_WHAT YOU SHOULD DO_
Find the line with "Silver Dragon With Crystal Pendant" in the entries below, then reproduce it and every line after it down to and including the line with "Funny Cute Christmas", exactly.

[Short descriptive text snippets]
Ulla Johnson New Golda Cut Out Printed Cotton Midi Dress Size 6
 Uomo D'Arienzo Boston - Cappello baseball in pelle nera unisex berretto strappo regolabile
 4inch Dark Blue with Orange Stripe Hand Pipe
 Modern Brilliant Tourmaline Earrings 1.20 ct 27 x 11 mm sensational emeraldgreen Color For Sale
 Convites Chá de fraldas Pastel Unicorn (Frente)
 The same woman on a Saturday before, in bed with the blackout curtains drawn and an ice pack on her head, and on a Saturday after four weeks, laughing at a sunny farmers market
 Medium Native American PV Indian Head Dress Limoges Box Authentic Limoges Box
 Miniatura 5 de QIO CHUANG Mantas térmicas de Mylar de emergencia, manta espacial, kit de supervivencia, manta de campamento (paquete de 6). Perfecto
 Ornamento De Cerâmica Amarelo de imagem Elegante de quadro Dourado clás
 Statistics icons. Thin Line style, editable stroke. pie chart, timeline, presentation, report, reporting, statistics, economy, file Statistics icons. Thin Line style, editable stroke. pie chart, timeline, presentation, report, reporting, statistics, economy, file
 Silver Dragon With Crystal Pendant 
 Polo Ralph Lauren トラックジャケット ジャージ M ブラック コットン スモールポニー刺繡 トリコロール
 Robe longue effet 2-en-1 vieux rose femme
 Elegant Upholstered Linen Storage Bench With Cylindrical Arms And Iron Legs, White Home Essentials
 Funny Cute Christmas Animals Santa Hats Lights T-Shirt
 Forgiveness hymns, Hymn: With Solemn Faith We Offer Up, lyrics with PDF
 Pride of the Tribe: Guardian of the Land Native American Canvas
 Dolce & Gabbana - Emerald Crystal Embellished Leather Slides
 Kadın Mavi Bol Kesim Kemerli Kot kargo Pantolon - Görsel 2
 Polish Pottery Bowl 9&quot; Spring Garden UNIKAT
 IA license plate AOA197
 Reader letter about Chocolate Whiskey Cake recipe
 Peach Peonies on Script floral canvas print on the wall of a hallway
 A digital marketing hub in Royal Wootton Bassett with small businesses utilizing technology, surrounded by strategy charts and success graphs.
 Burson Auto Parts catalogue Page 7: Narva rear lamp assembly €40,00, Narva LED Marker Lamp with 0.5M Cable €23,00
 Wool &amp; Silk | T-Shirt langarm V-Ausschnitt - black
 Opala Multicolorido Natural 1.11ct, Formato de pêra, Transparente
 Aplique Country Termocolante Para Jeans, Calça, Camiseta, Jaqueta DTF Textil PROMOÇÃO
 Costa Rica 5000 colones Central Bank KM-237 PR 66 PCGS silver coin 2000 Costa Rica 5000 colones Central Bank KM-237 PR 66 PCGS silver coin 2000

_WRITTEN SOLUTION_
 Silver Dragon With Crystal Pendant 
 Polo Ralph Lauren トラックジャケット ジャージ M ブラック コットン スモールポニー刺繡 トリコロール
 Robe longue effet 2-en-1 vieux rose femme
 Elegant Upholstered Linen Storage Bench With Cylindrical Arms And Iron Legs, White Home Essentials
 Funny Cute Christmas Animals Santa Hats Lights T-Shirt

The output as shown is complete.